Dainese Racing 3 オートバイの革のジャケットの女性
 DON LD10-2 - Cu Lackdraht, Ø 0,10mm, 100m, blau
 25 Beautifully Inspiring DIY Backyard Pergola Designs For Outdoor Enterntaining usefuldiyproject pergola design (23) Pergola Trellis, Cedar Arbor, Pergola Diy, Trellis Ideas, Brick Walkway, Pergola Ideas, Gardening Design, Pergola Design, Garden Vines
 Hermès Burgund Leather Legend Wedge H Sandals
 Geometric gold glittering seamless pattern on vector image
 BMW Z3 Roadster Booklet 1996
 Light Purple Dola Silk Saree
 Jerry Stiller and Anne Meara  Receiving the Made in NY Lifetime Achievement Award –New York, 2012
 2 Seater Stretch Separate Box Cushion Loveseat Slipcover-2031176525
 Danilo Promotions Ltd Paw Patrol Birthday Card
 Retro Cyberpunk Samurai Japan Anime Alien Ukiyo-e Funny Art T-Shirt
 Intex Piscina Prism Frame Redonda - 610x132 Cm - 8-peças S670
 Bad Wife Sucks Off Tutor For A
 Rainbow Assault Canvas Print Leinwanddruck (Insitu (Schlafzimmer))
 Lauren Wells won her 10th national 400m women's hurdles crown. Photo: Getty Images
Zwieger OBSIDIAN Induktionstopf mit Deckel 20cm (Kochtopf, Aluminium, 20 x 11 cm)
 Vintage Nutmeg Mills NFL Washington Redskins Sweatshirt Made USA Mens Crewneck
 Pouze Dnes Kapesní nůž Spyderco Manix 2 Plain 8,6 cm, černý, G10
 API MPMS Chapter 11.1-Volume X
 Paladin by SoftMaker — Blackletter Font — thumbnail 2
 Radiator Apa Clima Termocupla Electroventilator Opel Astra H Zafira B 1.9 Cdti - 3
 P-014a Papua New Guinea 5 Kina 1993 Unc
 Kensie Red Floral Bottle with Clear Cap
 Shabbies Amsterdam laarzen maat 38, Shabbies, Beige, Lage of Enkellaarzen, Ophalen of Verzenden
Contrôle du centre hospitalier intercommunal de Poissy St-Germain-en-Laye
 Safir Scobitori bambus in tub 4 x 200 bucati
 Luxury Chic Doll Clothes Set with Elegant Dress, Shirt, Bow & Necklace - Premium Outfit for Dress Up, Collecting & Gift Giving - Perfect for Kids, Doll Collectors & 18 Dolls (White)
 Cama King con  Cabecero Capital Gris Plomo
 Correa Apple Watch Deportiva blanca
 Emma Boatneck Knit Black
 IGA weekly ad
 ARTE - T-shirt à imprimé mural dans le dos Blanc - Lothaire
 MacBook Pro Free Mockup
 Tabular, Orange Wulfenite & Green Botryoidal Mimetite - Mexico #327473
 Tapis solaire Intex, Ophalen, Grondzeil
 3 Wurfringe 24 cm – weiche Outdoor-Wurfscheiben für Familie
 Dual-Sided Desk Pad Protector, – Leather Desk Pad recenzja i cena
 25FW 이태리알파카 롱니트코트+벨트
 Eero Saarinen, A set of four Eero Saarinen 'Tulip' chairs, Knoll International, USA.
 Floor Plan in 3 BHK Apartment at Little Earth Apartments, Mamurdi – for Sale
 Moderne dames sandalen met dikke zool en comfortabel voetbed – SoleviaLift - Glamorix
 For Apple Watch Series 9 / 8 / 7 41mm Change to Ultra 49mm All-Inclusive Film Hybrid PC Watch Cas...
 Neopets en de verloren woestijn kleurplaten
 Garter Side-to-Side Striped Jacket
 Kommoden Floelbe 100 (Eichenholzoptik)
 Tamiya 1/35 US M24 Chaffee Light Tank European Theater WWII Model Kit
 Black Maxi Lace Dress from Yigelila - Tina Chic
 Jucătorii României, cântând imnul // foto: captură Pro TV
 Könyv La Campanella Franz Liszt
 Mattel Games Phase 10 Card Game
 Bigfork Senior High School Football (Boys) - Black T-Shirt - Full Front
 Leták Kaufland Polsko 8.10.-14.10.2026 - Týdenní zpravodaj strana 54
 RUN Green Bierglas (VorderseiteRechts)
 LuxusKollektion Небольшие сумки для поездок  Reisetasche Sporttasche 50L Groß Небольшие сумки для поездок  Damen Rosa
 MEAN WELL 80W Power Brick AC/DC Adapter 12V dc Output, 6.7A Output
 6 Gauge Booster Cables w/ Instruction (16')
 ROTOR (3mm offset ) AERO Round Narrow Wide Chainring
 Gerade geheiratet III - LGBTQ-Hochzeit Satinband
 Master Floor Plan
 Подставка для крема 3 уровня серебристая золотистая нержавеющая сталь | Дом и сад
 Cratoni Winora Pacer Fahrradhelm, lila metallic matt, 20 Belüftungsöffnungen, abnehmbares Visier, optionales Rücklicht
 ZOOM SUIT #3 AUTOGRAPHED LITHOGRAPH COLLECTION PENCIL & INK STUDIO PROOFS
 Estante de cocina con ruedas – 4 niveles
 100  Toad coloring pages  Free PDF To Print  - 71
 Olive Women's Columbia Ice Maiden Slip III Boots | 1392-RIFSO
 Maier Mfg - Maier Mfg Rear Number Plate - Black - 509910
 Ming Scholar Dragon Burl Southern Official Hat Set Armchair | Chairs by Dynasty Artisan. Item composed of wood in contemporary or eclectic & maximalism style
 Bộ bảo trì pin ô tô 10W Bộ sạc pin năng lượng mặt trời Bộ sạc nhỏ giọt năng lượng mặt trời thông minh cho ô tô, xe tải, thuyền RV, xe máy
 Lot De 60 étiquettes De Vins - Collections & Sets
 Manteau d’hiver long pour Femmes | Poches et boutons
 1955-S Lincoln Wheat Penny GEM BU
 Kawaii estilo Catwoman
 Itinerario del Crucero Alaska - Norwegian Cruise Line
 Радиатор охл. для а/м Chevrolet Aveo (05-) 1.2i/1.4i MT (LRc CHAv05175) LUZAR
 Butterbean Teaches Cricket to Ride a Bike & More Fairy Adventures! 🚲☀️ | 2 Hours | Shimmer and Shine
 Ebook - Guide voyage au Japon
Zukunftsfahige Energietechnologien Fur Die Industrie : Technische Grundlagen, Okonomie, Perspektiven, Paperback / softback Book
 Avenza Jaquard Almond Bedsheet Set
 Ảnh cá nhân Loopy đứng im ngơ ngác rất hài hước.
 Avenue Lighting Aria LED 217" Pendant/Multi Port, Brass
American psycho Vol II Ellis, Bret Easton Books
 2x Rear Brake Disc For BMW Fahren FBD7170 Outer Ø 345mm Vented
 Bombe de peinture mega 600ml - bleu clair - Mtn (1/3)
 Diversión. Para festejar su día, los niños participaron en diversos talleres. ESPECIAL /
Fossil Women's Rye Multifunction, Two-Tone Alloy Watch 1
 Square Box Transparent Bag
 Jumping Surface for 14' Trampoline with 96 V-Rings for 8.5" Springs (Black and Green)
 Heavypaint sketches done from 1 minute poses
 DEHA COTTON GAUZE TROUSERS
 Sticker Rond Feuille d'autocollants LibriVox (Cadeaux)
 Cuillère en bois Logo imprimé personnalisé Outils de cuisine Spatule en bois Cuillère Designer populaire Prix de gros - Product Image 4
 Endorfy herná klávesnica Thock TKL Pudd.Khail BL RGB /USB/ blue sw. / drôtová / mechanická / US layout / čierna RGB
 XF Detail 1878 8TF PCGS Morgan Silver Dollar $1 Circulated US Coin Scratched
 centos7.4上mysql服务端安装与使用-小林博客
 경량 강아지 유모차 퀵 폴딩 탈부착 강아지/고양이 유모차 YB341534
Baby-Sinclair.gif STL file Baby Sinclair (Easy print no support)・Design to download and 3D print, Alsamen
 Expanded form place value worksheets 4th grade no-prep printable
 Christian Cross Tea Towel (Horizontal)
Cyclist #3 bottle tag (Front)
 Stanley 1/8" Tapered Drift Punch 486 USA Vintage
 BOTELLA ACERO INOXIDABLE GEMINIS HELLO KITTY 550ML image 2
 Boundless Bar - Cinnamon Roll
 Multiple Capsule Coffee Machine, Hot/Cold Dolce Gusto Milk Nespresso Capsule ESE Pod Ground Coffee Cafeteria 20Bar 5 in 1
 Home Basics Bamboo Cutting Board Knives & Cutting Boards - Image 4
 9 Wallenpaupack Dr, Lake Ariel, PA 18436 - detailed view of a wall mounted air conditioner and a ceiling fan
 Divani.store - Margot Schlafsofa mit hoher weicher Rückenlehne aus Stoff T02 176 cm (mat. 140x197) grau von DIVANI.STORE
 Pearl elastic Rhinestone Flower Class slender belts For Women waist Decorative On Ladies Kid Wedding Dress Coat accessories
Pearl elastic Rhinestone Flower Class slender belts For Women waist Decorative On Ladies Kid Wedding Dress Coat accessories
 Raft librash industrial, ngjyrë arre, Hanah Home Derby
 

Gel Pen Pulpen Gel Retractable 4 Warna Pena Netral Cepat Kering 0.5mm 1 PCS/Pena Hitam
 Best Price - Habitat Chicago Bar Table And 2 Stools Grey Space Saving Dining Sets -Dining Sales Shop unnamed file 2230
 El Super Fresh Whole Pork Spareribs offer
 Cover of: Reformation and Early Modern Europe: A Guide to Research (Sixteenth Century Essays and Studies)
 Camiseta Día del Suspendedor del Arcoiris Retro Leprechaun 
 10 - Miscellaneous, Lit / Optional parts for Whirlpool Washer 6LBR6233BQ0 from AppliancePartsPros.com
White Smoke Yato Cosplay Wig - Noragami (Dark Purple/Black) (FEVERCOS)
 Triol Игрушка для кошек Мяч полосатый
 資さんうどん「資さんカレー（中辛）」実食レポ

________________________________________

◆ THE TASK
In the records above, find each line that mentions the word "Watch", and copy it.

◆ THE COMPLETED TASK
 Correa Apple Watch Deportiva blanca
 For Apple Watch Series 9 / 8 / 7 41mm Change to Ultra 49mm All-Inclusive Film Hybrid PC Watch Cas...
Fossil Women's Rye Multifunction, Two-Tone Alloy Watch 1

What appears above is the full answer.